Leave no line out; reproduce the listing exactly.

**Stored data**.
+-------+

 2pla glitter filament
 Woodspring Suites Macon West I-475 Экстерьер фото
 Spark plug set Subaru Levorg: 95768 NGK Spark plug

+-------+

**Answer to the exercise**.
 2pla glitter filament
 Woodspring Suites Macon West I-475 Экстерьер фото
 Spark plug set Subaru Levorg: 95768 NGK Spark plug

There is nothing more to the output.